The answer can be written as $\int \frac{2 x + 7}{{x}^{2} + 5 x + 6} \setminus \mathrm{dx} = \ln | \frac{{\left(x + 2\right)}^{3}}{x + 3} | + C$

#### Explanation:

You don't need substitution to do this integral. Use the Method of Partial Fractions instead.

Set $\frac{2 x + 7}{{x}^{2} + 5 x + 6} = \frac{A}{x + 2} + \frac{B}{x + 3}$ and solve for $A$ and $B$ (note that ${x}^{2} + 5 x + 6 = \left(x + 2\right) \left(x + 3\right)$).

Multiply both sides of the preceding equation by $\left(x + 2\right) \left(x + 3\right)$ to get, after cancellation, $2 x + 7 = A \left(x + 3\right) + B \left(x + 2\right)$. The quickest way to solve for $A$ and $B$ is to substitute $x = - 3$ and $x = - 2$ into this last equation (even though they make the original equation undefined).

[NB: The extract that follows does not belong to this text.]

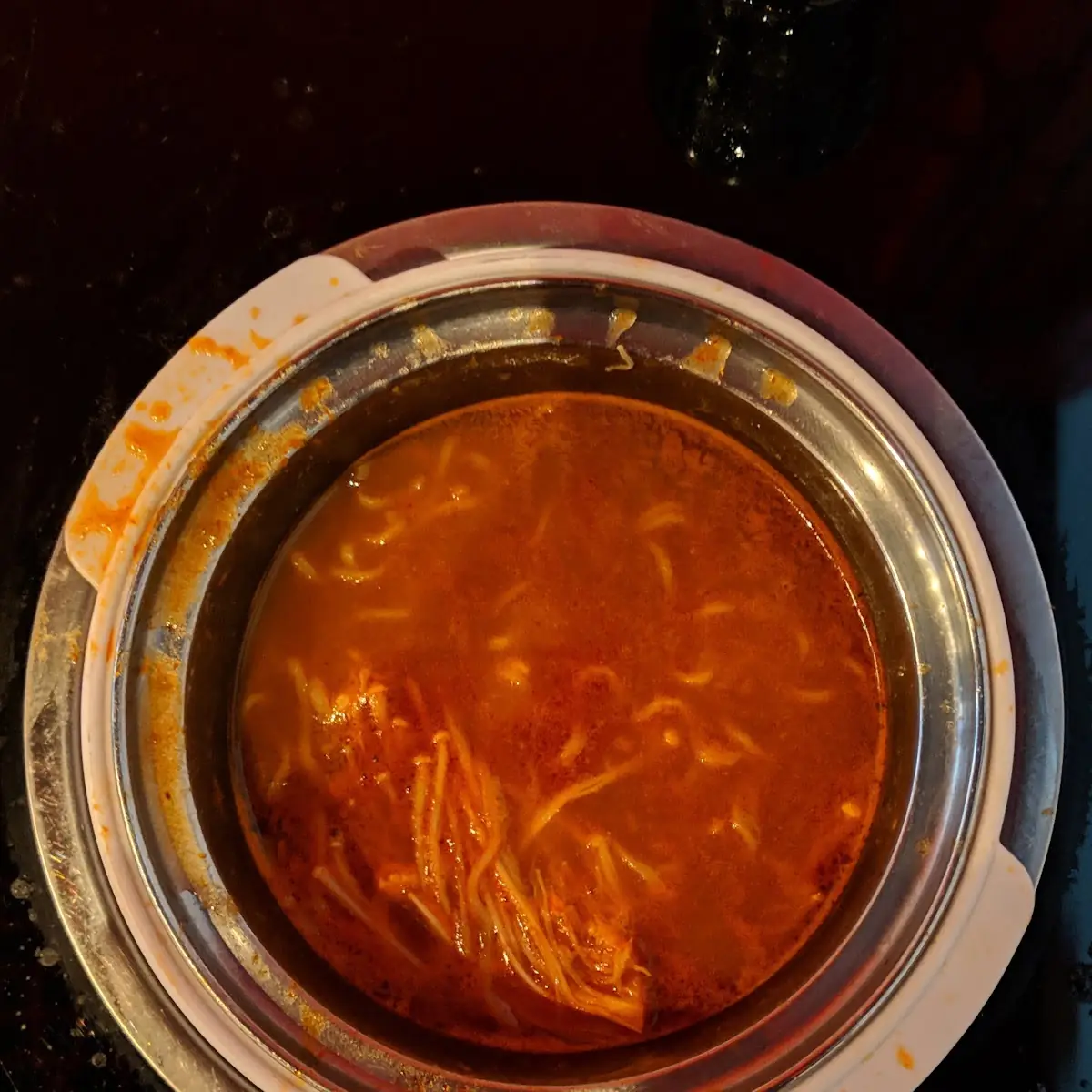 Tom Yum Soup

$x = - 3 \setminus R i g h t a r r o w 1 = - B \setminus R i g h t a r r o w B = - 1$

$x = - 2 \setminus R i g h t a r r o w 3 = A$

Hence, $\frac{2 x + 7}{{x}^{2} + 5 x + 6} = \frac{3}{x + 2} - \frac{1}{x + 3}$

Now substitute, integrate, and use properties of logarithms:

$\int \frac{2 x + 7}{{x}^{2} + 5 x + 6} \setminus \mathrm{dx} = \int \left(\frac{3}{x + 2} - \frac{1}{x + 3}\right) \setminus \mathrm{dx}$

$= 3 \ln | x + 2 | - \ln | x + 3 | + C = \ln | \frac{{\left(x + 2\right)}^{3}}{x + 3} | + C$